[Records from a collection]
Start of Block

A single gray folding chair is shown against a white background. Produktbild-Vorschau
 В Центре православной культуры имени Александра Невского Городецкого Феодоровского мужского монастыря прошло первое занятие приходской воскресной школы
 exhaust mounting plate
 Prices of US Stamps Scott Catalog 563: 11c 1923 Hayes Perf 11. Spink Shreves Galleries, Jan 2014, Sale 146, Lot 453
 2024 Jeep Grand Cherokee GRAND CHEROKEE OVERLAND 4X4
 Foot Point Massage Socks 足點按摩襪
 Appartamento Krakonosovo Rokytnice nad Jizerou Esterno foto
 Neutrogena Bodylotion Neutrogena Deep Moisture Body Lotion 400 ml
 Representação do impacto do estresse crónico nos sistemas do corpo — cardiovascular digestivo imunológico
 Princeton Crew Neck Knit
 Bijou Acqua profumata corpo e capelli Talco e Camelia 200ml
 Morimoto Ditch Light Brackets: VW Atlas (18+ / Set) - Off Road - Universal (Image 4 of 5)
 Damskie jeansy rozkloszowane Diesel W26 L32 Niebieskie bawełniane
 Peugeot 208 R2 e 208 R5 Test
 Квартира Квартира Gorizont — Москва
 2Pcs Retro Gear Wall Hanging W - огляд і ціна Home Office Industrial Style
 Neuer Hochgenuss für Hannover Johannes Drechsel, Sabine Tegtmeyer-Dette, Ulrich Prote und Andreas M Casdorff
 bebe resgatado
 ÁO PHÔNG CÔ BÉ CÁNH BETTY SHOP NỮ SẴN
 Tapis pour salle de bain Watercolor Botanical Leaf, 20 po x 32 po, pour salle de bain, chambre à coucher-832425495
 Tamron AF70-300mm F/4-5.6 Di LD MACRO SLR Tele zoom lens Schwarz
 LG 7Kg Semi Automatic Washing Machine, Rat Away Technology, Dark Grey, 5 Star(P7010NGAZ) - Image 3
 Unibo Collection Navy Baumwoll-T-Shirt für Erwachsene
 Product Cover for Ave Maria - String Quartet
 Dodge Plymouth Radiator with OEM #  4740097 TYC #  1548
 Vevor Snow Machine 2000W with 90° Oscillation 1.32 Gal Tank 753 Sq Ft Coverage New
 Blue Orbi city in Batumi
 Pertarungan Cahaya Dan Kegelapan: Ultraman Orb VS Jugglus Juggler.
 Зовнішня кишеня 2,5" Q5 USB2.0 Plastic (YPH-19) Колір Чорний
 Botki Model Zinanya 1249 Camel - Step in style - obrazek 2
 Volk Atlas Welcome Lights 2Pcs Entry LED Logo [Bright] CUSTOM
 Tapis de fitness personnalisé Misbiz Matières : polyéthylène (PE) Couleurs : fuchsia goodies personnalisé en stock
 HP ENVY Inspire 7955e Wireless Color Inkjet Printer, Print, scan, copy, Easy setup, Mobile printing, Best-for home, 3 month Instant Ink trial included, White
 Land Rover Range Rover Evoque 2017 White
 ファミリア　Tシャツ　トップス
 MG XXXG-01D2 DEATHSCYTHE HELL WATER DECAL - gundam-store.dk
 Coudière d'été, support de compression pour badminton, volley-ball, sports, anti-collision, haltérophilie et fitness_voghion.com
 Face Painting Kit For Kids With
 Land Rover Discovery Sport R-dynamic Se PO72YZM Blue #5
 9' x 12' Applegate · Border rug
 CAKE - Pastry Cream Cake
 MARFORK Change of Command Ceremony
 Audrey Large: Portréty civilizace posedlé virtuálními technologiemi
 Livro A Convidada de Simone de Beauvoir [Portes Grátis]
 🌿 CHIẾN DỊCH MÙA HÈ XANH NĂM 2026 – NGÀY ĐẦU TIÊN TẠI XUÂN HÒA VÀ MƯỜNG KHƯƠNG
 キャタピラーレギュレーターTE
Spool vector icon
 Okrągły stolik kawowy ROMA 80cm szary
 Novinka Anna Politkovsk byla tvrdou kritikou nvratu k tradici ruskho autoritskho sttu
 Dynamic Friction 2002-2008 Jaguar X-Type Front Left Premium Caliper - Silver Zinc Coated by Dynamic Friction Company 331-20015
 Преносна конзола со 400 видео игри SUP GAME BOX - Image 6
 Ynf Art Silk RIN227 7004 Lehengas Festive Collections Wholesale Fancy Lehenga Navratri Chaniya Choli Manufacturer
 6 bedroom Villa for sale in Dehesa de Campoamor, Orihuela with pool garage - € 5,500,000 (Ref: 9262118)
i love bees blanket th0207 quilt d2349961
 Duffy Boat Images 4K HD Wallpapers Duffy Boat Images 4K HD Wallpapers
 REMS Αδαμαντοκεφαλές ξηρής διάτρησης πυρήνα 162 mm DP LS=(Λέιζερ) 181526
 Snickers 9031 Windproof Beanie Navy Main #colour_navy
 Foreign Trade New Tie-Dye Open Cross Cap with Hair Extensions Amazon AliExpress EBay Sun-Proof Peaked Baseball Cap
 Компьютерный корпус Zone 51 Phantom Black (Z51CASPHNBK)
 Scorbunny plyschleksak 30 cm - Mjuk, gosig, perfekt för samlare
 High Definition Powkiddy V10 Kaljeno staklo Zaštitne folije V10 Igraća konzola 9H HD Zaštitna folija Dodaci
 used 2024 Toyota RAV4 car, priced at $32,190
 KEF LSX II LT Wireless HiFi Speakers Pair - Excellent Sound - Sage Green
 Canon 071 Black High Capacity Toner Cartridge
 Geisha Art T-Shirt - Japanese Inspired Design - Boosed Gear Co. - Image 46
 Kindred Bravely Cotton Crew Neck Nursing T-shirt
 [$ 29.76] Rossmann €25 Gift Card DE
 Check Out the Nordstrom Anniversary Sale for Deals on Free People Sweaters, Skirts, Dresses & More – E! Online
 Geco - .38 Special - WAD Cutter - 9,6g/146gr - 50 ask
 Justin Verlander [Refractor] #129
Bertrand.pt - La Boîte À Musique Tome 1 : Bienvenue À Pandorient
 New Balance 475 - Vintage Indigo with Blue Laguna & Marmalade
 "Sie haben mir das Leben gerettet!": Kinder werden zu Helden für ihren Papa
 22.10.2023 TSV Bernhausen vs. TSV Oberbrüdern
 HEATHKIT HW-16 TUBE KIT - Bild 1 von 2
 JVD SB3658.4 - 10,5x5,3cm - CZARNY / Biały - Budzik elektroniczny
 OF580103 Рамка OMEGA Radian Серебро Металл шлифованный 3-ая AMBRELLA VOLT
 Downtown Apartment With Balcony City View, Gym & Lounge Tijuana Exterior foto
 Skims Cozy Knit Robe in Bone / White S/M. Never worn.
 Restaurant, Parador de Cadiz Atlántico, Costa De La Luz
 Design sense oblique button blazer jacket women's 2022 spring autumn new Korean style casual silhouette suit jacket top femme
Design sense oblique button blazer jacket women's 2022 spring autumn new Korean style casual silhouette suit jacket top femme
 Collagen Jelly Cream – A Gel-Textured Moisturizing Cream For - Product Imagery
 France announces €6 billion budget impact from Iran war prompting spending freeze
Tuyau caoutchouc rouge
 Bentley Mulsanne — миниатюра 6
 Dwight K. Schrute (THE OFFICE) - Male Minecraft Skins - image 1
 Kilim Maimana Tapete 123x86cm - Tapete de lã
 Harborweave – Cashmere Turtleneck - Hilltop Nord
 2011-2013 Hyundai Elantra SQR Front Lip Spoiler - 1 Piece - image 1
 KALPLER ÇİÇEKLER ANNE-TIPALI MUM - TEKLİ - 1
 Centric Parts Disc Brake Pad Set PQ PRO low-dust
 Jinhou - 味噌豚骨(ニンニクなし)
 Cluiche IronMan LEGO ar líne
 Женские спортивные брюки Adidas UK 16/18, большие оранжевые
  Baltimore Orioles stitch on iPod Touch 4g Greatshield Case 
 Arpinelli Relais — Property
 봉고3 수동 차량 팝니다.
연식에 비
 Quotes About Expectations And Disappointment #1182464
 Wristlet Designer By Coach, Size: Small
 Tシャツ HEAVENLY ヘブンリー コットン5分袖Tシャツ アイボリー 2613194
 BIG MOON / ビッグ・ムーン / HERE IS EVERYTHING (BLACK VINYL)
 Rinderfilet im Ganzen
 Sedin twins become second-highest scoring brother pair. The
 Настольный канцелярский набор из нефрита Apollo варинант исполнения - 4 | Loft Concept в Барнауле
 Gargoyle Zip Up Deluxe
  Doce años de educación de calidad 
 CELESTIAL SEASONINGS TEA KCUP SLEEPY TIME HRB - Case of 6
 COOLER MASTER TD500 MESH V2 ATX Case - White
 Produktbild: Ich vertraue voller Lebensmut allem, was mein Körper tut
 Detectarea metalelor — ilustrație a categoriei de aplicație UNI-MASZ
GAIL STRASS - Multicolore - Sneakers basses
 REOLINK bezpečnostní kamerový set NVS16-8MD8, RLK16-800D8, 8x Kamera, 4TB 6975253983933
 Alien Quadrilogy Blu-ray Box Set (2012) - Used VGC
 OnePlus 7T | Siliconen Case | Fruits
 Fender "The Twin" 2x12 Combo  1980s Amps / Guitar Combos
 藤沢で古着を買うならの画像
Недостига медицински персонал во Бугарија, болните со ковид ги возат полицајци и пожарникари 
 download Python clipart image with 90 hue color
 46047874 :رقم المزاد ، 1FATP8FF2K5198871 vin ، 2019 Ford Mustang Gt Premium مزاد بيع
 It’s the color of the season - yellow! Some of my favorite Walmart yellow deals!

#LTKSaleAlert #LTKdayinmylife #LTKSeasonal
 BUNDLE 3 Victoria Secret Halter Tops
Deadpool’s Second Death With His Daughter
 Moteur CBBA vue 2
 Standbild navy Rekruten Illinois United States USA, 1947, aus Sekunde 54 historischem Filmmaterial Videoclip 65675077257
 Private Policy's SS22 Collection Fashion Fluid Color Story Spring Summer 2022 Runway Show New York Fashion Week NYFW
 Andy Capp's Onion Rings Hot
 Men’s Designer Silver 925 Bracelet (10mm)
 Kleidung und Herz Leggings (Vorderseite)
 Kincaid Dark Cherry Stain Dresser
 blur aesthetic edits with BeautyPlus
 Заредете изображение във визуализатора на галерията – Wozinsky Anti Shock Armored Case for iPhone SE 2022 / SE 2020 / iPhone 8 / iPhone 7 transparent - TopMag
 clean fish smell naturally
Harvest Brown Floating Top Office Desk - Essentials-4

End of Block

● YOUR INSTRUCTIONS
Print, from the entries above, the line with "Kilim Maimana Tapete 123x86cm - Tapete de lã", the line with "Standbild navy Rekruten" and all lines between them, exactly and with nothing else.

● SOLUTION
 Kilim Maimana Tapete 123x86cm - Tapete de lã
 Harborweave – Cashmere Turtleneck - Hilltop Nord
 2011-2013 Hyundai Elantra SQR Front Lip Spoiler - 1 Piece - image 1
 KALPLER ÇİÇEKLER ANNE-TIPALI MUM - TEKLİ - 1
 Centric Parts Disc Brake Pad Set PQ PRO low-dust
 Jinhou - 味噌豚骨(ニンニクなし)
 Cluiche IronMan LEGO ar líne
 Женские спортивные брюки Adidas UK 16/18, большие оранжевые
  Baltimore Orioles stitch on iPod Touch 4g Greatshield Case 
 Arpinelli Relais — Property
 봉고3 수동 차량 팝니다.
연식에 비
 Quotes About Expectations And Disappointment #1182464
 Wristlet Designer By Coach, Size: Small
 Tシャツ HEAVENLY ヘブンリー コットン5分袖Tシャツ アイボリー 2613194
 BIG MOON / ビッグ・ムーン / HERE IS EVERYTHING (BLACK VINYL)
 Rinderfilet im Ganzen
 Sedin twins become second-highest scoring brother pair. The
 Настольный канцелярский набор из нефрита Apollo варинант исполнения - 4 | Loft Concept в Барнауле
 Gargoyle Zip Up Deluxe
  Doce años de educación de calidad 
 CELESTIAL SEASONINGS TEA KCUP SLEEPY TIME HRB - Case of 6
 COOLER MASTER TD500 MESH V2 ATX Case - White
 Produktbild: Ich vertraue voller Lebensmut allem, was mein Körper tut
 Detectarea metalelor — ilustrație a categoriei de aplicație UNI-MASZ
GAIL STRASS - Multicolore - Sneakers basses
 REOLINK bezpečnostní kamerový set NVS16-8MD8, RLK16-800D8, 8x Kamera, 4TB 6975253983933
 Alien Quadrilogy Blu-ray Box Set (2012) - Used VGC
 OnePlus 7T | Siliconen Case | Fruits
 Fender "The Twin" 2x12 Combo  1980s Amps / Guitar Combos
 藤沢で古着を買うならの画像
Недостига медицински персонал во Бугарија, болните со ковид ги возат полицајци и пожарникари 
 download Python clipart image with 90 hue color
 46047874 :رقم المزاد ، 1FATP8FF2K5198871 vin ، 2019 Ford Mustang Gt Premium مزاد بيع
 It’s the color of the season - yellow! Some of my favorite Walmart yellow deals!

#LTKSaleAlert #LTKdayinmylife #LTKSeasonal
 BUNDLE 3 Victoria Secret Halter Tops
Deadpool’s Second Death With His Daughter
 Moteur CBBA vue 2
 Standbild navy Rekruten Illinois United States USA, 1947, aus Sekunde 54 historischem Filmmaterial Videoclip 65675077257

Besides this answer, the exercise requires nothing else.